Допив все до капли, домовой скользнул обратно за печь.
- Ты куда? - разочарованно пискнула я. - Не уходи, поболтай с нами!..
- Боится, - объяснил Рин. - Можно попробовать его приручить, но это долго.
Мое следующее утро началось с того, что я выклянчила у бабы Тани разрешение выходить за пределы двора. Она долго упиралась, но вряд ли искренне: думаю, ей до зеленых чертиков надоела моя унылая физиономия и слезные просьбы развлечь.

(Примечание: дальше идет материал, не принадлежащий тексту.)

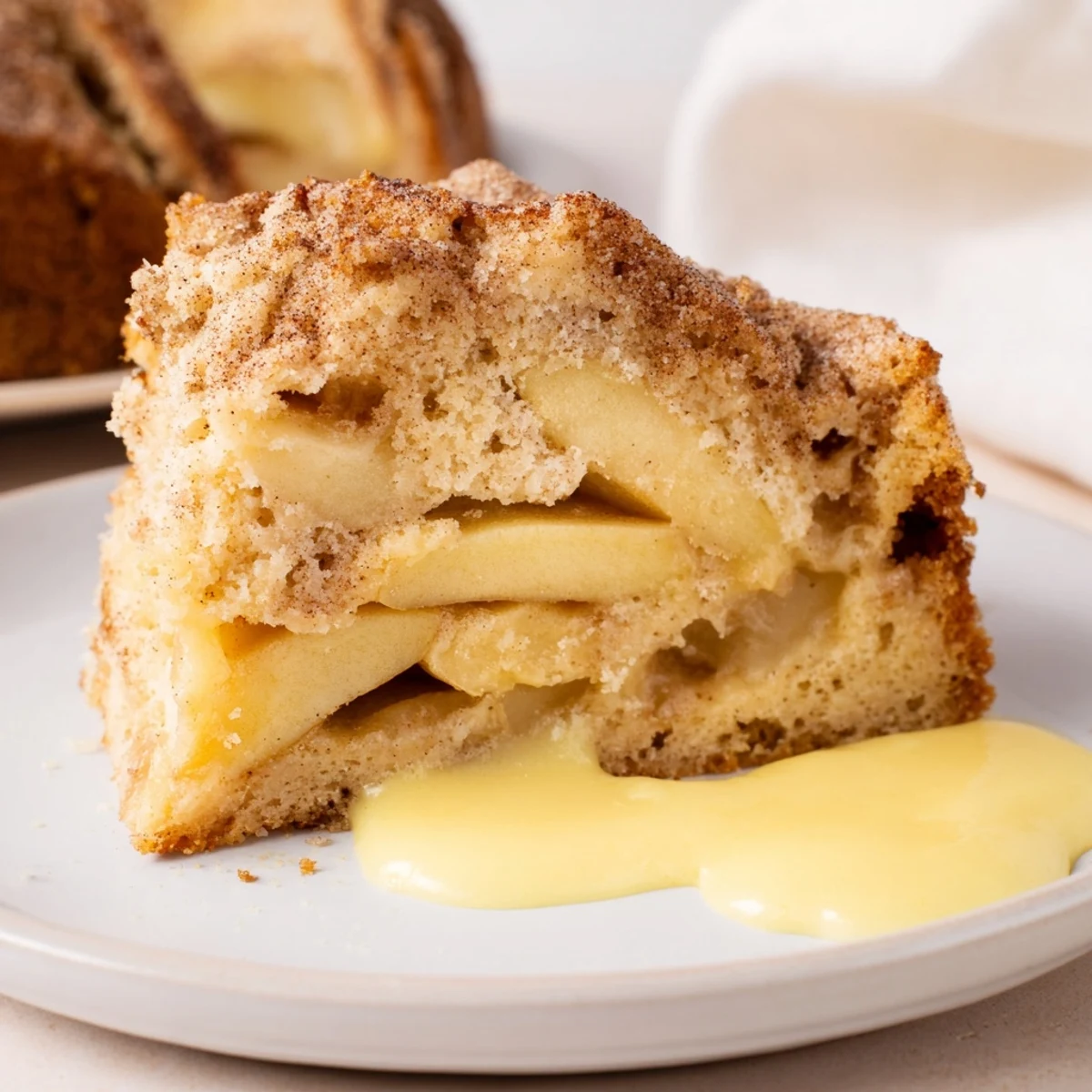 A slice of warm Irish Apple Cake drizzled with creamy vanilla custard, garnished with cinnamon-dusted apple slices.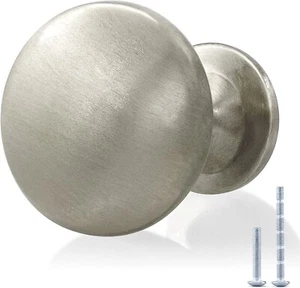 25 Pack Brushed Nickel Solid Cabinet Knobs Dresser Pulls Knobs for Kitchen - Picture 1 of 7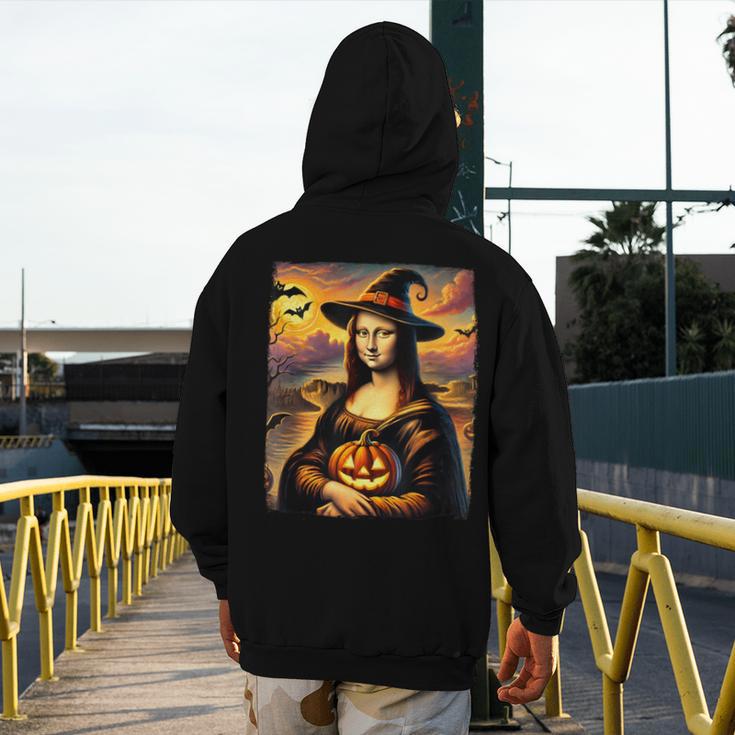 Mona Lisa Pumpkin Halloween Art Teacher Witchy Women Kids Men's Hoodie Back Print, funny design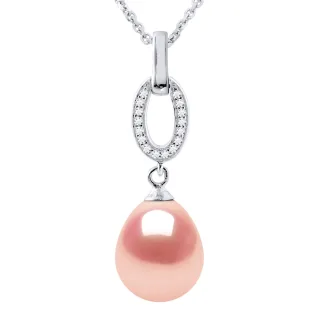 SHUTTLE Halskette Süßwasserperlen-Schmuck 9-10 mm Rosa 925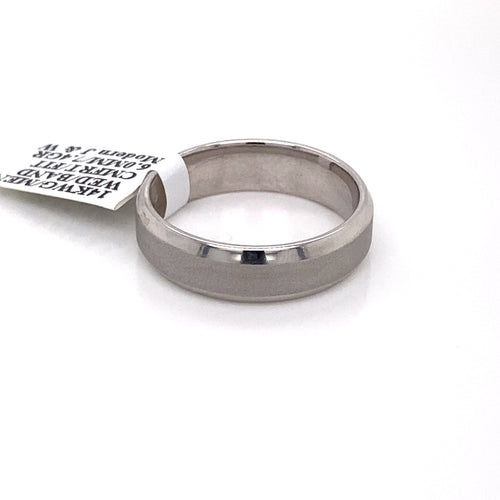 14k White Gold Men's Wedding Band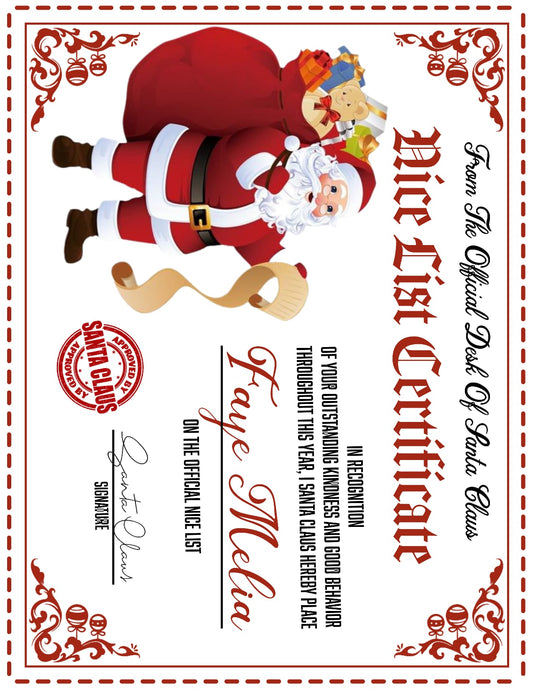 A4 laminated Personalized Santa Letter & Nice List Certificate - Phimedil Designs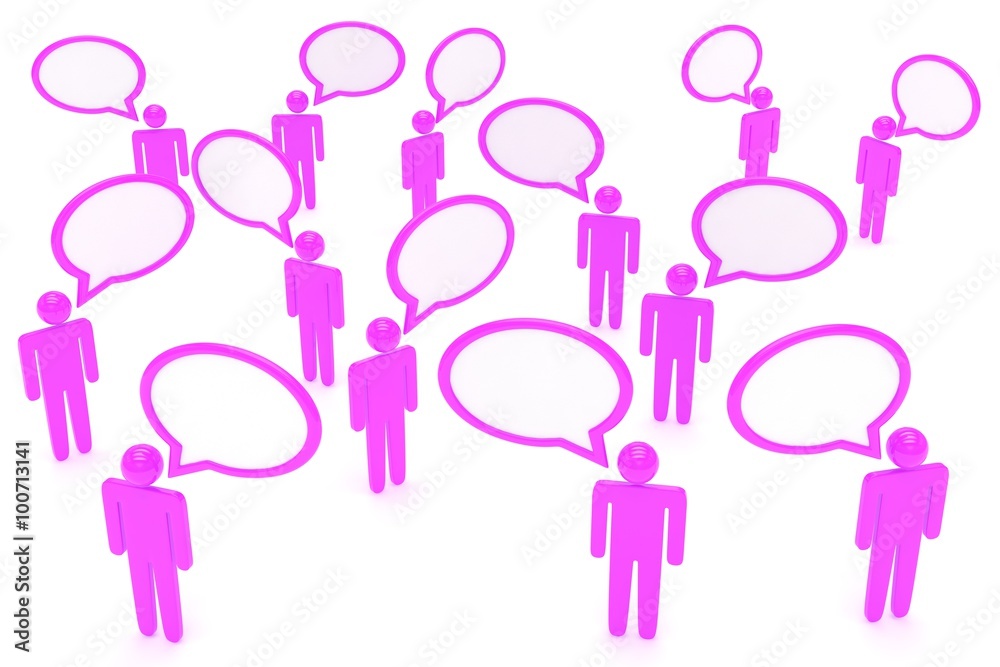 people with talk bubbles isolated over a white background people with talk bubbles isolated over a white background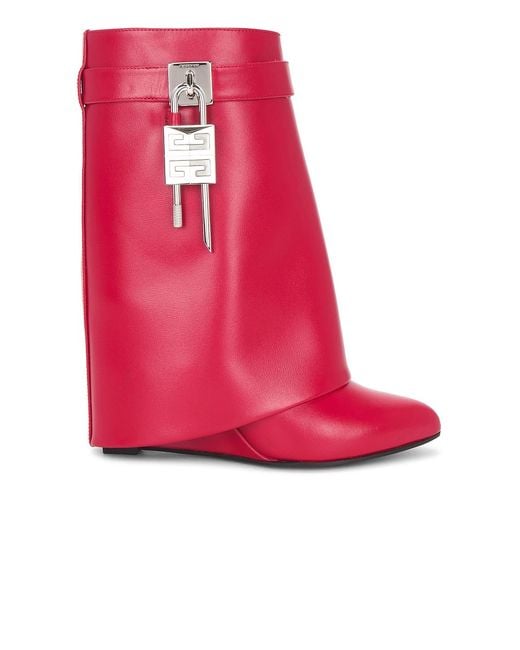 Givenchy Red Shark Lock Ankle Boot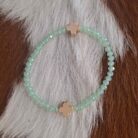 Duel Cross Accent Beaded Stretch Bracelet
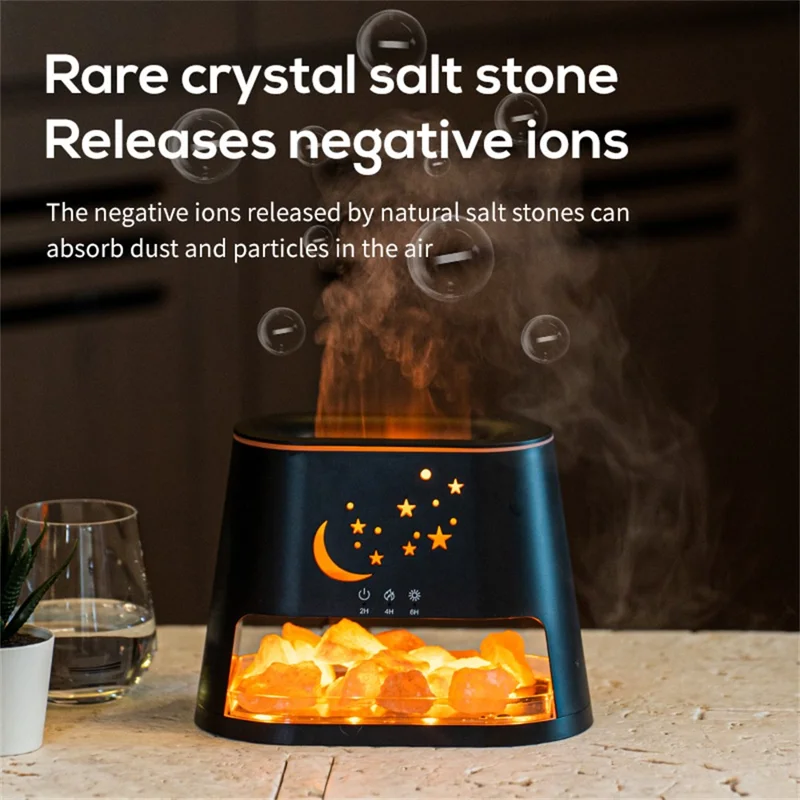 USB Salt Stone Flame Diffuser 3D Fire Effect Air Humidifier with 7 Color Lights for Home / Office Desktop - Black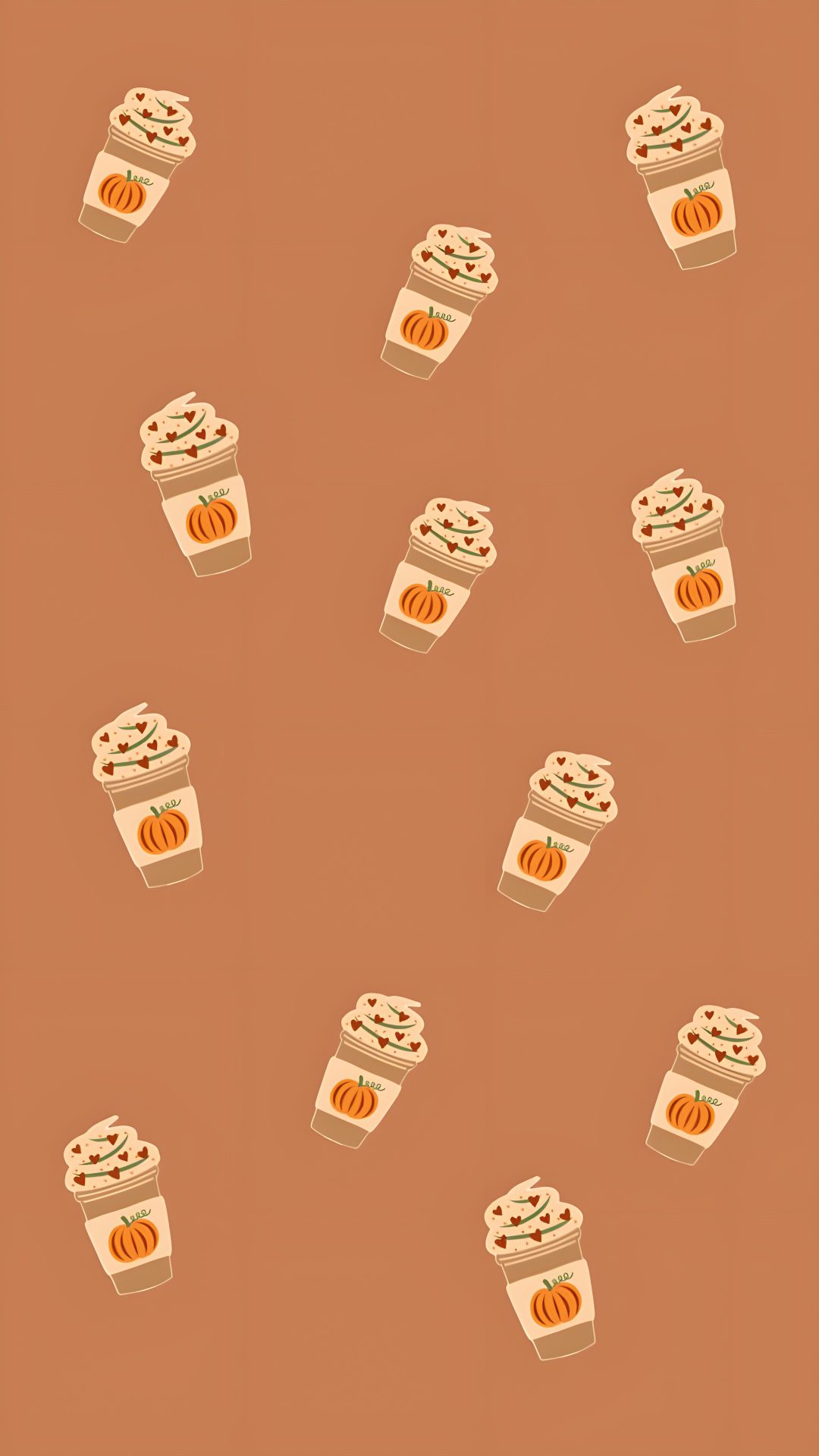 coffee cups with pumpkins on them are arranged in the shape of an orange background Cute Halloween Coffee peru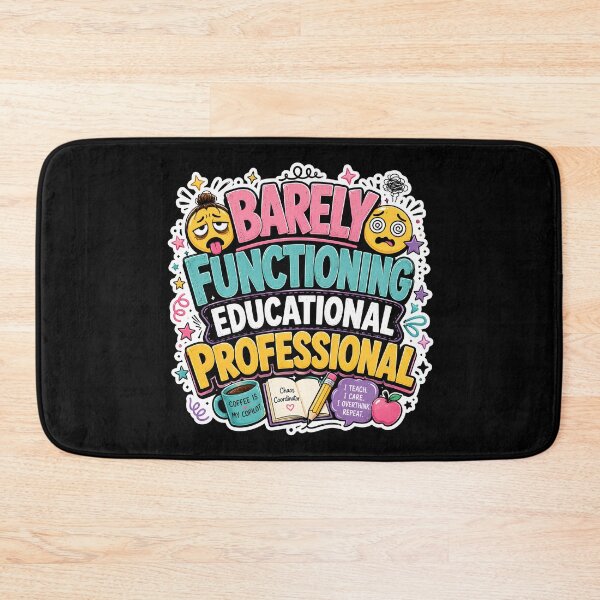 Item preview, Barely Functioning Educational Professional  Sticker | Funny Teacher Coffee Gift | Classroom Humor Retro Sticker designed and sold by FestivityFinds.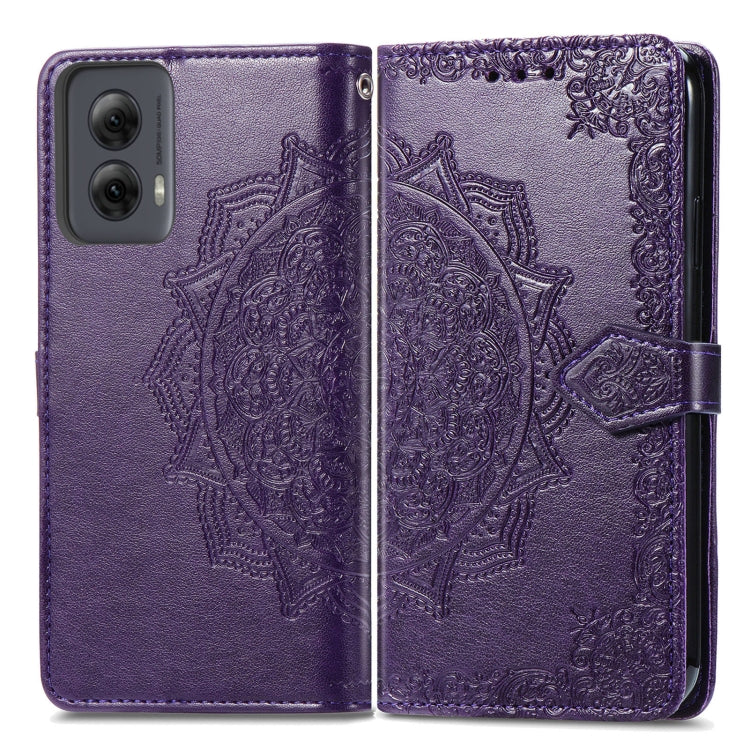 For Motorola Moto G Power 5G 2024 Mandala Flower Embossed Leather Phone Case(Purple) by buy2fix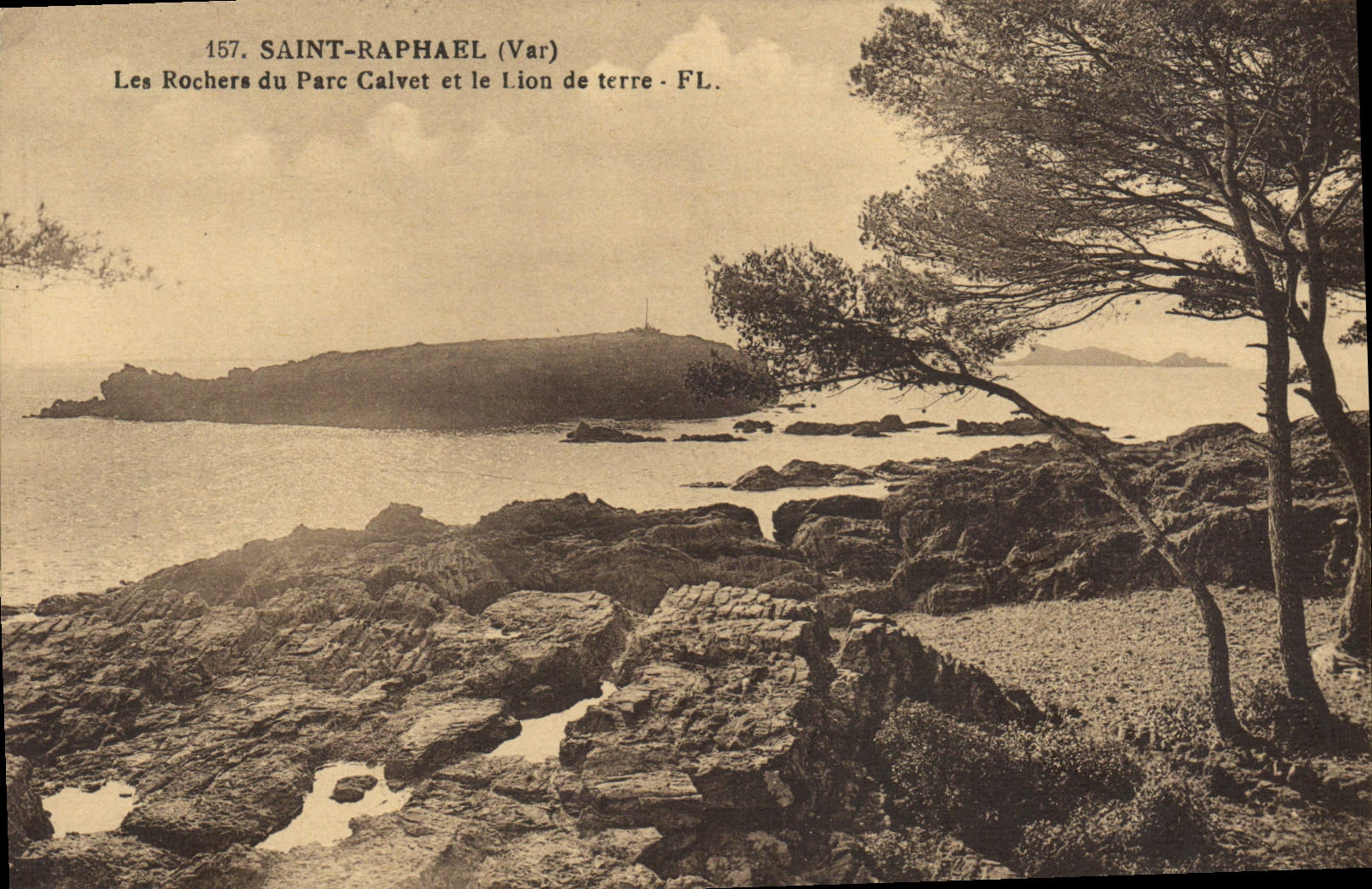 CPA Saint Raphael Les Rochers du Parc Calvet et le Lion de terre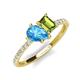 5 - Zahara 9x6 mm Pear Blue Topaz and 7x5 mm Emerald Cut Peridot 2 Stone Duo Ring 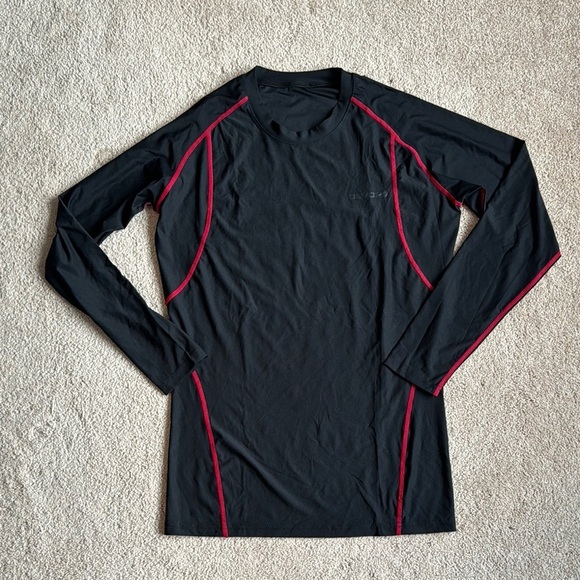 Other - Black Long Sleeve Athletic Shirt with Red Accents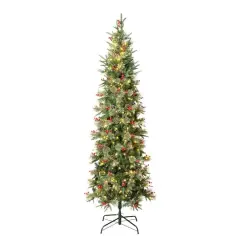 7.5ft. Pre-Lit Feel-Real&reg; Virginia Pine Slim Artificial Christmas Tree with Berries & Pinecones, Warm White LED Lights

- Только вместе с братом, и за околицу - ни-ни! - строго велела она. - И чтоб обедать приходила! И до сумерек - чтоб дома, как штык.
Это было счастье! Больше не требовалось ждать ее послеобеденного сна, не нужно было таиться. Я быстренько налила в баночку молока, в другую плеснула густой желтой сметаны, натянула плащ и была неприятно удивлена, когда Рин заявил, что не пойдет навещать домовушку. Ему, видите ли, это неинтересно.
- Так и быть, выйду с тобой из дома, чтоб баба-тетя думала, что мы вместе. Но в избушку пойдешь одна! У меня найдутся дела поважнее.